SHAPIRO: One big revelation in the book for me is that, as you put it, in the minds of many Iraqis, America and the Islamic State were equal. And you write, in this crucial sense, they were invaders, no matter what they claimed their intentions were - liberation, salvation, modernization. They were both invaders. When you are invaded, the difference between a democratic utopia and a religious one is immaterial. Tell me more about that.

VERINI: Yes. So the conception of America that I always ran into with Iraqis - Iraqi men, let me say - this wasn't always the case with Iraqi women. Their idea of America was baffling. They thought of America as second only to God in its power. They thought America and Americans were capable of doing anything they liked and that the - even the Iraqi soldiers, even Iraqi intelligence officers I met believed that the United States was not just leading the coalition that was helping the Iraqi forces against ISIS, but that America was also supporting and funding and backing ISIS.

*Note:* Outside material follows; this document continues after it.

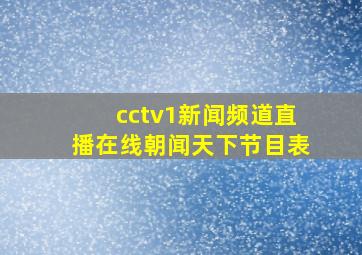 cctv1新闻频道直播在线朝闻天下节目表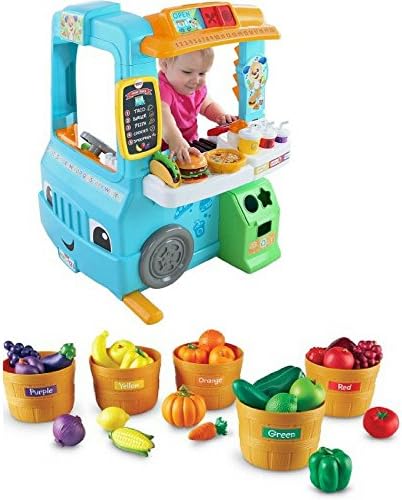 Learning Resources Laugh &amp; Learn Servin' Up Fun Food Truck With Farmer's Market Color Sorting Set, Baby, Kid, Toddler Holiday Present Toy, Learning Skills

SHAPIRO: That it was really coordinating both sides of the war, just pulling a couple strings.

VERINI: Exactly. And I - when I asked them why this - how this could be - why would we be doing both? - their answer was always essentially, well, that's what you do. That's what a great power does. That's what a national power, second only to a divine power, is capable of doing and does. You know, you inflict great pain, basically.

SHAPIRO: And so it creates this sense of simultaneous admiration and resentment to have that kind of power and to use it to destroy the lives of Iraqis.

VERINI: Exactly. So it creates this mixture of awe and grievance and contempt and profound respect. It took me a long time to realize that when they started saying that the United States was supporting ISIS, as well as them, that I shouldn't counter it, that I should just shut up and listen because what was important was this crazy stew of emotions about America that was beneath the surface. And it was really unnerving, of course, and made you feel very bad as an American.

SHAPIRO: Yeah.

VERINI: But what was so remarkable is that it so often came with a warmth and a curiosity. Iraqis always wanted to know what I thought of all of this - you know, what I as an American thought of their situation and what America had done to their country. And they weren't looking for an apology or, you know, even an answer. They were basically looking to create a connection with someone from this - what they conceived as this omnipotent country.

SHAPIRO: So how do you even begin to engage on a question like that?

VERINI: You do what - I guess what your job is as a journalist - is mainly, you just listen. And then, you know, if you spend enough time with them, you realize that you owe them more than just questions and listening, that you also owe them some form of reasoning of your own. And I'm sad to say that I didn't have much to offer in that regard. You know, they had been forced to think about American power in a way that I have never been forced to think about American power, even as a journalist who writes about it. You know, their experience has made them understand American power in a way that I will never understand it. I - 'cause I haven't been the victim of it.

SHAPIRO: James Verini, thank you for talking with us about your new book.

VERINI: Thank you, Ari.

SHAPIRO: It's called "They Will Have To Die Now: Mosul And The Fall Of The Caliphate."